Learning Objectives
By the end of this class, you should know...
  • What is a Hash Table?
  • What are the advantages of using a Hash Table over other ADTs we have studied?
    • Arrays?
    • Linked Lists (and other linear structures)?
    • Binary Search Trees?
  • What is a hashing algorithm?
  • How do you write a good hashing algorithm?
  • What are some solutions to the problem of collisions?
  • What is the efficiency of common hashing operations?
  • How does the size of the Hash Table affect its efficiency?
  • How do you search for an element in a Hash Table?


Announcements
  • Quiz 4 on Thursday - BSTs and Hash Tables
  • Lab 7 posted - Hash Tables and BSTs
  • Feedback from a former student about internship search

Review Activity
With a partner, complete the following:
  • Insert the following values (in this order) into an empty BST: 7, 3, 2, 9, 18, 5, 14, 8, 4, -1
  • Redraw the tree after calling remove on node 7 using the algorithm given in class.
  • Now, trace pre, post and inorder print on the BST.
  • Write the pre, post and inorder print functions for a BST

Hash Table Pre-Assessment: Remember This?
  • ASCII Review: Write a function which prints out the ASCII value of each character in a string:
void printASCII(string str)
{
    //write function body here
}



The Hash Table ADT
  • A Hash Table is a structure where values are mapped or assigned to an array index according to the rules of an algorithm.
    •  This algorithm is called the hashing function.
    •  The hashing function takes an input (called a key) and then returns the index of an array.
    •  This array index is where the value is to be stored
  • As we are going to see, hash table operations, such as search, insert, and delete can be performed in just O(1) time.

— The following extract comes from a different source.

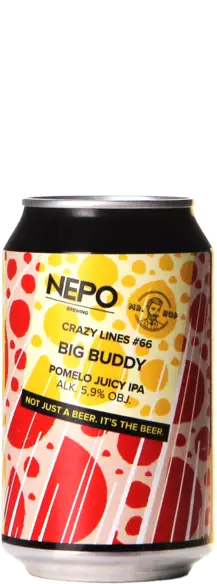 Nepo Brewing Crazy Lines #66 Big Buddy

Group Activity: Hash Table Bingo!
  • To help you understand a Hash Table, let's play Hash Table Bingo.
  • The class as a whole is going to play the role of the underlying array structure in a Hash Table.
  • Each student in the class will be assigned an index based on his or her name on the class roster.
  • Using a hash function, I will enter the name of a piece of candy as a key.
  • The value to store at the array index
  • The hash function will return to me the index at which I want to store the candy.
  • If your index is returned by the hash function, you will get a piece of candy.
  • At the end of the exercise, I can hash the names of the pieces of candy in order to find out who received a piece and who didn't.

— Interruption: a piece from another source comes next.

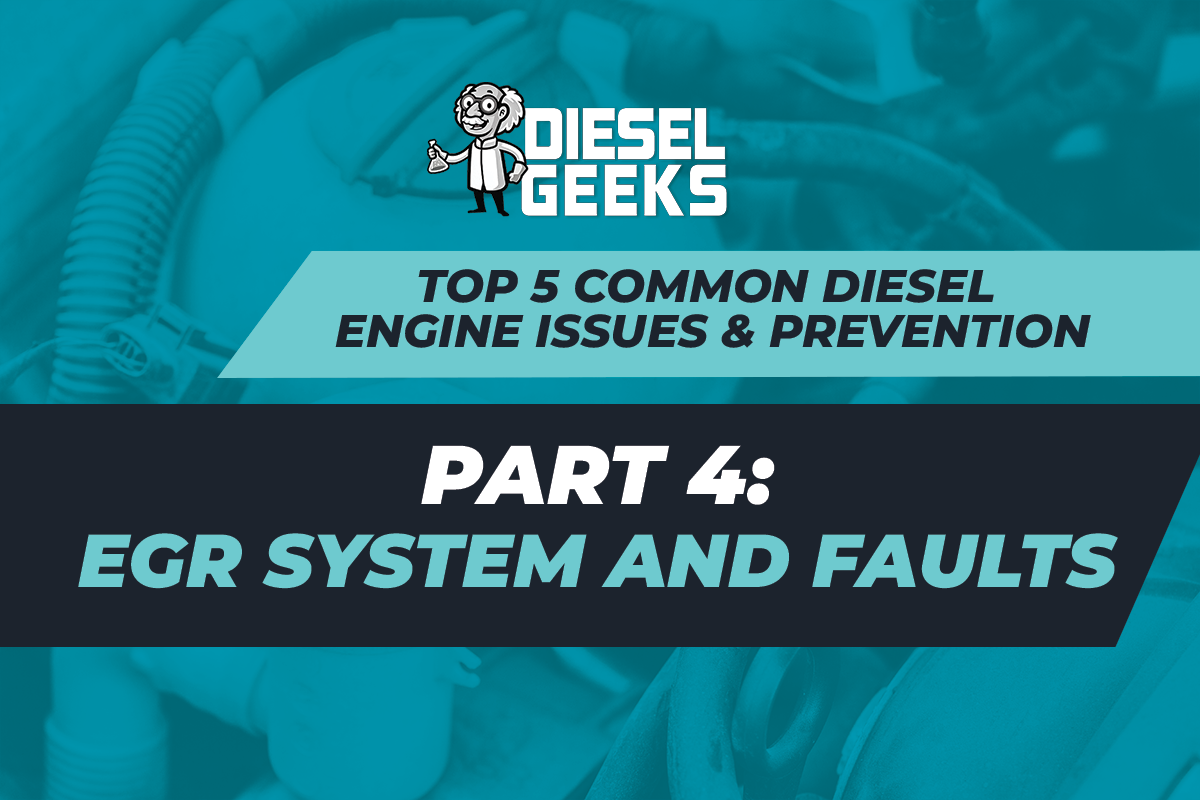 Top 5 Common Diesel Engine Issues & Prevention: EGR (Exhaust Gas Recirculation) System and Faults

A Simple Array Only Example
  • Suppose that I wish to store the names of all the students in my class.
  • We could start with an array of strings.
const int CLASS_SIZE = 40; //# students enrolled in the class
string names[CLASS_SIZE];

  • Now, our first thought might be to store each student's name alphabetically in the array.

names[0] = "Anthony";

names[1] = "Brandon";

names[2] = "Cameron";

...

names[39] = "Zih-Ying";

  • However, later, if a student drops the class, I would need to:
    • Use binary search to search the array for the student's name: O(log n) time.
    • Delete the name and update the array by copying all the values after that student's name down by one: O(n) time
    • Is there a way that I can do better?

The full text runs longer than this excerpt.